Don’t take this wrong but is that really the function of a season opener? Any journey needs a starting place and I thought what this story did extremely well was to gradually reveal what that place was. Like a cubist painting in every issue we see Buffy from a different angle, contemplative in the first, confident respected leader in the second (but still subject to nightmare vulnerabilities). Warm even affectionate reunited with her old friends in the third, implacable against the enemy in the fourth. Overall it’s the Buffy we loved, new and all grown up but not infallible (I was both shocked when she found Ethan dead and shocked that I cared) and with big new grown up challenges looming on the beautiful horizon. Actually I think there is quite a dramatic transition, from wondering what the hell she was doing in the opening monologue to deciding what she had to do on that final page.

Date: 2007-06-08 08:53 pm (UTC)
From: [identity profile] ponygirl2000.livejournal.com
Have you been reading Astonishing X-Men? Because I think that's been providing excellent examples of having character development and emotional pay-offs within each issue. With the Buffy comic after the first issue I really haven't been feeling any of those things, just re-statements of those initial impressions. That's just me of course, but it's been frustrating. Hopefully future arcs and reading it collected will make things better for me.

Date: 2007-06-08 09:29 pm (UTC)
From: [identity profile] aycheb.livejournal.com
I have, at least up to the third trade thingy and while that was quite wonderful much of the wonderfulness came from building on threads that had been set up in the first two. The first one was interesting enough to want to read more but I didn't feel I knew the characters at all well at the end of it and the big reveal about Colossus being ressurrected didn't mean much to me not having read any X-men prior to that. I can appreciate it much better with hindsight but not at the time.

The Buffy ones, because there's not that massive learning curve at the beginning, I've actully been quite impressed with the layered way the story is structured. For example in the first issue there's just a hint that she's connecting with the troops, the second confirms that and so on. I have more detailed impressions here (http://aycheb.livejournal.com/52334.html#cutid1) if you're interested But there be big spoilers for the fourth issue.

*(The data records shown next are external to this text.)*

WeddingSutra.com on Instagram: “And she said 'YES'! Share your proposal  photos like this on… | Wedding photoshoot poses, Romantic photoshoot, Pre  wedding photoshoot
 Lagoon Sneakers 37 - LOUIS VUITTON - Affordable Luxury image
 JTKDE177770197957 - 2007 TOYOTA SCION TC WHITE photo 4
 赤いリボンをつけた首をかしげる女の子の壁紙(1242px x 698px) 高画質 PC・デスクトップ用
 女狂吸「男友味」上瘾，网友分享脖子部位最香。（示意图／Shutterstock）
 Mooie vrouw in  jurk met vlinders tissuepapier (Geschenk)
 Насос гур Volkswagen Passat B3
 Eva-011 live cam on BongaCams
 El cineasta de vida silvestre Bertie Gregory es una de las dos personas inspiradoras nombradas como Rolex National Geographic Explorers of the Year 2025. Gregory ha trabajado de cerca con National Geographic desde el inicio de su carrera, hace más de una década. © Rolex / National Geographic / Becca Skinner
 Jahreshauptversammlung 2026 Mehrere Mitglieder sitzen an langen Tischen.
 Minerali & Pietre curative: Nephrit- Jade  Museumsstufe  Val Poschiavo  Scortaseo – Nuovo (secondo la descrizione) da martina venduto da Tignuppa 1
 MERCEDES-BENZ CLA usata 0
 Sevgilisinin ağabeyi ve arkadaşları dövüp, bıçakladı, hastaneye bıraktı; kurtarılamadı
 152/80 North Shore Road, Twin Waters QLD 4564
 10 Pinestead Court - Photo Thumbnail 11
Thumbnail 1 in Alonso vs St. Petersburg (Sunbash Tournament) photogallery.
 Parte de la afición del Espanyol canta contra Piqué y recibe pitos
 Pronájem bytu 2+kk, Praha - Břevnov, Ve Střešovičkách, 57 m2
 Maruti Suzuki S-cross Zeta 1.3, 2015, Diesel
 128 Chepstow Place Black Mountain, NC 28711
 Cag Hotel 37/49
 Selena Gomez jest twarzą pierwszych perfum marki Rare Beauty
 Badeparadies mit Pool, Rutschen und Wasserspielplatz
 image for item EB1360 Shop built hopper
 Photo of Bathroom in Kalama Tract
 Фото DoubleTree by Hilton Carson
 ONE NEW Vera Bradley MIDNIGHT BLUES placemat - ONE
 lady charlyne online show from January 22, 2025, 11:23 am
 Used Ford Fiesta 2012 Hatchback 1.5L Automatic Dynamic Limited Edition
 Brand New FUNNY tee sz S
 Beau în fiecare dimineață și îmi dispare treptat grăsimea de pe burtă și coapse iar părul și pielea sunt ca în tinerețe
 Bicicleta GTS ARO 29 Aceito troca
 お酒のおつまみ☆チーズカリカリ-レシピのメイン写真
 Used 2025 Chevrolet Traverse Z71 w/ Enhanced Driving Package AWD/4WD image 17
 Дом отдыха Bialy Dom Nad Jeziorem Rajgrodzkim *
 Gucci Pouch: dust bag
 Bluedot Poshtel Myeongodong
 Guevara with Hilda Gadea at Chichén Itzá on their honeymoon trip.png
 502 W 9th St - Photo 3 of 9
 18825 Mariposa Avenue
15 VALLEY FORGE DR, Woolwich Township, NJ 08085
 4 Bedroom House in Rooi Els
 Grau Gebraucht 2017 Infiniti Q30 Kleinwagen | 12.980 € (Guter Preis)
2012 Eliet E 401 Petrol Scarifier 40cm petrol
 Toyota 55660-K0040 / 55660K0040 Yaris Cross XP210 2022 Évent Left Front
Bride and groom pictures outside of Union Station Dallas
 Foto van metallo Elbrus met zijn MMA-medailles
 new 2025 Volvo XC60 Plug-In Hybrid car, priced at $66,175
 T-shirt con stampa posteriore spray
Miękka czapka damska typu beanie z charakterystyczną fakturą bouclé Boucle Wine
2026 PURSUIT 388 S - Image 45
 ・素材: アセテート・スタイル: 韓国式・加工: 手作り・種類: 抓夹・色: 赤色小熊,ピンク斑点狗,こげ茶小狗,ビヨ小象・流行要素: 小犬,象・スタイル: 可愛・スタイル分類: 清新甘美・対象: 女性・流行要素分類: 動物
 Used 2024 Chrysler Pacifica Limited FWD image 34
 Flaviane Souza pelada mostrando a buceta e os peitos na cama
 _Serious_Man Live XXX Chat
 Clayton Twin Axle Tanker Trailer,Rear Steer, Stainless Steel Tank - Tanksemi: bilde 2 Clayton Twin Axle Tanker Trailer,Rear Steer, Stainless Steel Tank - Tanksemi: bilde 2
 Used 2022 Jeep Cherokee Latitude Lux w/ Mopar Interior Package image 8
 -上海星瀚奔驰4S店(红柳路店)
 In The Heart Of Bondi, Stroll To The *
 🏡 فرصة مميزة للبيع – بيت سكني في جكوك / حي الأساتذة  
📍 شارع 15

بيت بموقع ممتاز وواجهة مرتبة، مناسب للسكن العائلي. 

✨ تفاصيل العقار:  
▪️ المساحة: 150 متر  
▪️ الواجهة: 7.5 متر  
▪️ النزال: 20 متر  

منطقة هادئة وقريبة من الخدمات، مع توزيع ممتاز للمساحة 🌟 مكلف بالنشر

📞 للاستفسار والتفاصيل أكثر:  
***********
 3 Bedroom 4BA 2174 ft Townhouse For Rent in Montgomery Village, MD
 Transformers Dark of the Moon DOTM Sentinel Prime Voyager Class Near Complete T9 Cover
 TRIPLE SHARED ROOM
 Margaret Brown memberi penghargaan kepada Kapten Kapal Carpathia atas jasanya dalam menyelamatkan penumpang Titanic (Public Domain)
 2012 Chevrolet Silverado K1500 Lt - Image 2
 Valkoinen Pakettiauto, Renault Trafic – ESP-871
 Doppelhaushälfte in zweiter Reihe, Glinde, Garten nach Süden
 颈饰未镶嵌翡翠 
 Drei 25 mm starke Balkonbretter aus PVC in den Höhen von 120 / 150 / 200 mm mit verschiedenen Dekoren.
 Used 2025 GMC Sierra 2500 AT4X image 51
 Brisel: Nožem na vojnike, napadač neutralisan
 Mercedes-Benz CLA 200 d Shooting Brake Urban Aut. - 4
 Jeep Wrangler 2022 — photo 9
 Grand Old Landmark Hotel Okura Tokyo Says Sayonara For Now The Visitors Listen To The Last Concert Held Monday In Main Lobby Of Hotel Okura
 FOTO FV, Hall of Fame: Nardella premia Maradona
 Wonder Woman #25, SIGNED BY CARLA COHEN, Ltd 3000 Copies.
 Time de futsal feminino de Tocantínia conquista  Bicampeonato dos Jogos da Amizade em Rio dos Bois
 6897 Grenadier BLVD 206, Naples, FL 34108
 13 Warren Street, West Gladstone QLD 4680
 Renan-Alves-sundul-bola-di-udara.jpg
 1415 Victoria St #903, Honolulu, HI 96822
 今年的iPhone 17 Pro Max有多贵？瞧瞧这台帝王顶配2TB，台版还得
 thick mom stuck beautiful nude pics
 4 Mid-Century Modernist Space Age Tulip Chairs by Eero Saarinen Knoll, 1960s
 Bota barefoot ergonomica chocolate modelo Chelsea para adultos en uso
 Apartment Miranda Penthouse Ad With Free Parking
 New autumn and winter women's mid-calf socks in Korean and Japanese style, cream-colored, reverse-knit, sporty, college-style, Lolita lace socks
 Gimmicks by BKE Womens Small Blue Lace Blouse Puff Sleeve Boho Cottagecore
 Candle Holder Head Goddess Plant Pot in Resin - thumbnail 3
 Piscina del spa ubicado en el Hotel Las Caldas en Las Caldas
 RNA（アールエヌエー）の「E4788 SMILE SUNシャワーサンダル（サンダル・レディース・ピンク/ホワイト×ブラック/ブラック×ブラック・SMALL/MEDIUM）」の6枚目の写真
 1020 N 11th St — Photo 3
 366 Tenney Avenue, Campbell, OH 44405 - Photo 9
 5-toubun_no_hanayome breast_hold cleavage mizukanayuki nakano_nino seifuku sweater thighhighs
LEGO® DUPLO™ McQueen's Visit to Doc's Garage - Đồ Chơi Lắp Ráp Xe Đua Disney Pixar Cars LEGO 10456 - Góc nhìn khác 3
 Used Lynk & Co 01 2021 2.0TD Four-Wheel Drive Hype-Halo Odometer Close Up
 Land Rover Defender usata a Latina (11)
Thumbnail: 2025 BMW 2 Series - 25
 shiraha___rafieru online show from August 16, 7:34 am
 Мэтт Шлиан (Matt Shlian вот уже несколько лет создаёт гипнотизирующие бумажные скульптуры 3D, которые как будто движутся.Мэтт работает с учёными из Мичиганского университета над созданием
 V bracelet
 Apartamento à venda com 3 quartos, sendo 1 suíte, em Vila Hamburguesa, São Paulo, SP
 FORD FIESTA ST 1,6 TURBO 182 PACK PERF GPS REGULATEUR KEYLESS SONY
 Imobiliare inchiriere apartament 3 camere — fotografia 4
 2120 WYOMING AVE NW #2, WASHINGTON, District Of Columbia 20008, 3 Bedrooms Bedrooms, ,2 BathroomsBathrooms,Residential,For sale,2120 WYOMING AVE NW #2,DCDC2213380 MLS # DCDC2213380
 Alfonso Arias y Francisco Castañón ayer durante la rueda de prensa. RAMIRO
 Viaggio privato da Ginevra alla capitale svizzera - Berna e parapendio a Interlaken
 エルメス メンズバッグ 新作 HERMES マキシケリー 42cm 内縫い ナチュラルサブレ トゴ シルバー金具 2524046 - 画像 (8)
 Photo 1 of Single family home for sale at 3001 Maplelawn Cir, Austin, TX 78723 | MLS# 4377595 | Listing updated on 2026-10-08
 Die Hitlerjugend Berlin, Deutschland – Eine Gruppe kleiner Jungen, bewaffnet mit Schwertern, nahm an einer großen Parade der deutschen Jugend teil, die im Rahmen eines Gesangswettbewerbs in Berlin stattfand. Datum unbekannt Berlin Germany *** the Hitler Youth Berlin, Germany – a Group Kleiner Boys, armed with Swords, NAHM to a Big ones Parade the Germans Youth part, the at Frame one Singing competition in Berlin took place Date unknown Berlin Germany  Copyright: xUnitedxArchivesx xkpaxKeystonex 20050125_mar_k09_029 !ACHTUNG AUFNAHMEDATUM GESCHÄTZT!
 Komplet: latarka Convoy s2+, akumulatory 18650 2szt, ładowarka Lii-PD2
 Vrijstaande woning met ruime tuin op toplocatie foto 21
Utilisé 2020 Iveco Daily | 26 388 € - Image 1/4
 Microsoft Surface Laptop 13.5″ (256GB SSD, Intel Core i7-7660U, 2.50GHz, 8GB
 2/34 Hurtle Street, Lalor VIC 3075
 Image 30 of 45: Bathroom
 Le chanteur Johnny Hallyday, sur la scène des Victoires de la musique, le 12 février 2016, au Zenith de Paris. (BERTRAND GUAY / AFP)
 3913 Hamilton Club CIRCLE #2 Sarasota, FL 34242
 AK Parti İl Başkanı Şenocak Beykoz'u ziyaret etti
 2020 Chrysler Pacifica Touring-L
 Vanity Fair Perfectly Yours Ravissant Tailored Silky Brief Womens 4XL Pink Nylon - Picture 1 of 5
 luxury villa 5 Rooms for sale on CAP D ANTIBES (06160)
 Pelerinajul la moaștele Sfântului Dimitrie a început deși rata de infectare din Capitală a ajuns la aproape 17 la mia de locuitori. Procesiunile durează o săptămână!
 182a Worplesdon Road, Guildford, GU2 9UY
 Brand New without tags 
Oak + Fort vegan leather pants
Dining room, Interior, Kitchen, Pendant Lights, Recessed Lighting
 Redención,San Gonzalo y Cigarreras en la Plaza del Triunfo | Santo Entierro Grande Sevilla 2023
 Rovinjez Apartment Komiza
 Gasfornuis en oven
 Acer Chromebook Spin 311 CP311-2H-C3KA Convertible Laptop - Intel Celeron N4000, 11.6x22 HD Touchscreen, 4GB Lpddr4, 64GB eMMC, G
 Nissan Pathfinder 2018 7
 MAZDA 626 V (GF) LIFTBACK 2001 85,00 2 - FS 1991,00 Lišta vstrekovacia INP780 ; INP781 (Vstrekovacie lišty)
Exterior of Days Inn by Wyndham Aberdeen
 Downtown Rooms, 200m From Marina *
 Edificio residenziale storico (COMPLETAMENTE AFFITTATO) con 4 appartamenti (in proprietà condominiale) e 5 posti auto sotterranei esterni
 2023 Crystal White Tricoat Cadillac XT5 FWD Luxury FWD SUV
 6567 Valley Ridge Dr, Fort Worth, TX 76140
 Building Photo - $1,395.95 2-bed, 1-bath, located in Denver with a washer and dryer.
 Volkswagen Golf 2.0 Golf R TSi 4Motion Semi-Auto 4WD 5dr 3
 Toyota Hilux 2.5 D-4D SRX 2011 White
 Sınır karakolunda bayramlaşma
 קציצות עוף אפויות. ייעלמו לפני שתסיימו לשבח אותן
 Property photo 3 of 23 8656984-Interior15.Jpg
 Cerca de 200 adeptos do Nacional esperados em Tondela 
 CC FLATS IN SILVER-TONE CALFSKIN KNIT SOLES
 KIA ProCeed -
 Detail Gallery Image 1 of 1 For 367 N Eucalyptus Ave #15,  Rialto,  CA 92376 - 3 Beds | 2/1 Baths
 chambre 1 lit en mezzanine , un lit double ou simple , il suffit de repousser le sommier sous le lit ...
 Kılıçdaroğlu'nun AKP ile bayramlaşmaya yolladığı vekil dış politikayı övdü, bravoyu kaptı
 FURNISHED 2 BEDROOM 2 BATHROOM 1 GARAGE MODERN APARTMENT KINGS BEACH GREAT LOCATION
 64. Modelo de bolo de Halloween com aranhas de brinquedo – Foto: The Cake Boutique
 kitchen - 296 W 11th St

Date: 2007-06-09 12:50 am (UTC)
From: [identity profile] shadowkat67.livejournal.com
Don’t take this wrong but is that really the function of a season opener?
Uh last I checked it was a comic book not a television series. Comic books don't work the same way. There is no such thing as *season opener* in a comic book series. From your comments, I don't think you understand the medium and are treating it as a tv series. They are different mediums, with different requirements. And different rules.

I am critiquing the series based on the medium it is in. A medium that I happen to know a bit about and love. As does Joss Whedon who has read numerous comic books and written several.

Comic books are more like *novels* than tv shows. Each four issue arc acts as a novel. They even state as much in the letter section - this was our first arc. It was called *The Long Way Home* - a book complete in of itself. The next comic is a standalone issue focusing on one character. The next focuses entirely on Faith - the other characters from what I've read won't come into play. Each writer works on their own little arc. You do not have to read all the comics to follow what is going on. That's the nature of comic books.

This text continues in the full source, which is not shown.